That tribute is the universal tribute to Jesus Christ by well-nigh all the great masters of thought and life through nineteen centuries of European civilization. Whether they agree in doctrinal interpretation of Him or not they do unite in proclaiming the eternal supremacy of His matchless personality. William Ellery Channing said, "His character is entirely removed from human comprehension." Jean Paul, "He is the purest among the mighty and the mightiest among the pure." Sabatier, the broad-visioned French theologian gave this insight into the habit of his life, "When wearied of life and knowing not where to turn, I go to Jesus of Nazareth because in Him alone do I find optimism without frivolity and seriousness without despair.”

This supreme and universal tribute, was it from what He was, from what He did, or both? This shall be the purpose of inquiry at this time. In this day when long accepted political, scientific and social

traditions and customs are being overturned it is no wonder that the institutions and doctrines of religion have had to pass through the storm of the strong winds of criticism.
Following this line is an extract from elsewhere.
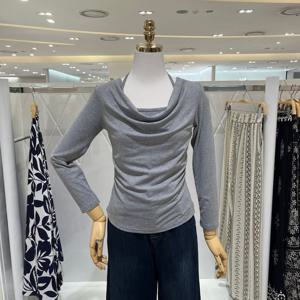 [밸리걸] 셔링 레이어드 티셔츠 815970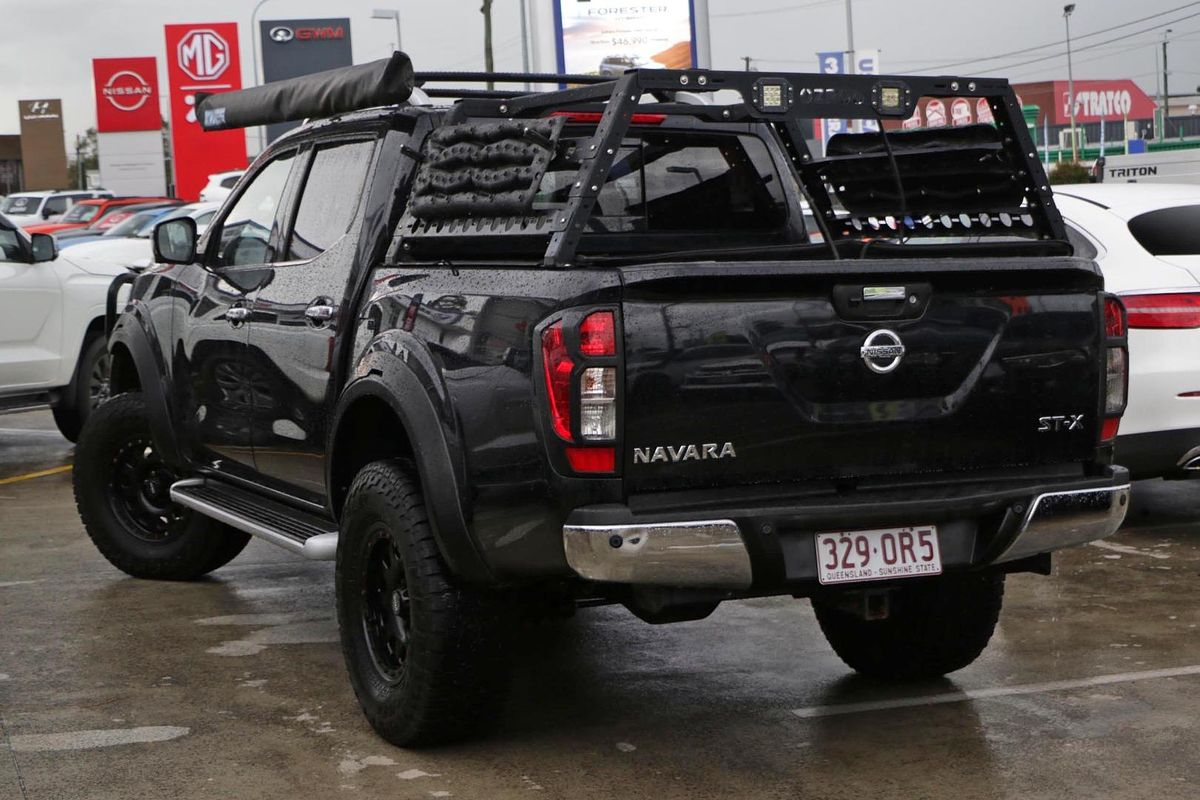2018 Nissan Navara ST-X D23 Series 3 Rear Wheel Drive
Now it is well for us to take our bearings and we shall find that not one hair of vital doctrine has been injured; though some things that might have been thought necessary have only shown themselves to be a kind of surviving appendix.

It is of vital import to consider the relation of Christ to the Christian enterprise.

First note the magnitude of the Christian enterprise.

The work accomplished in three short years of a young man's life seemed so stupendous that an admiring biographer in concluding what we would call "An appreciation" said, overwhelmed with the greatness of the subject of his sketch, that if everything that He did were written down that he supposed even the world itself could not contain the books. But this Man was not bothered about writing books on paper either about His teachings, or Himself. Unlike Rousseau or Augustine, He had no time for confessions, autobiography, or written statements of His ideas. He was too busy impressing Himself on His generation. He stooped down and wrote upon the sand, but stooping He wrote Himself into men's hearts. And they became living epistles read of all men.

He was a tremendous worker. He realized that His time was short. "I must work the works of

Him that sent Me for the night cometh when no man can work." This was the kind of an estimate that He placed on His own work: "Go your way and tell John the things that you do both see and hear; the blind receive their sight, the lame walk, the deaf hear, the lepers are cleansed, the poor have good tidings preached unto them."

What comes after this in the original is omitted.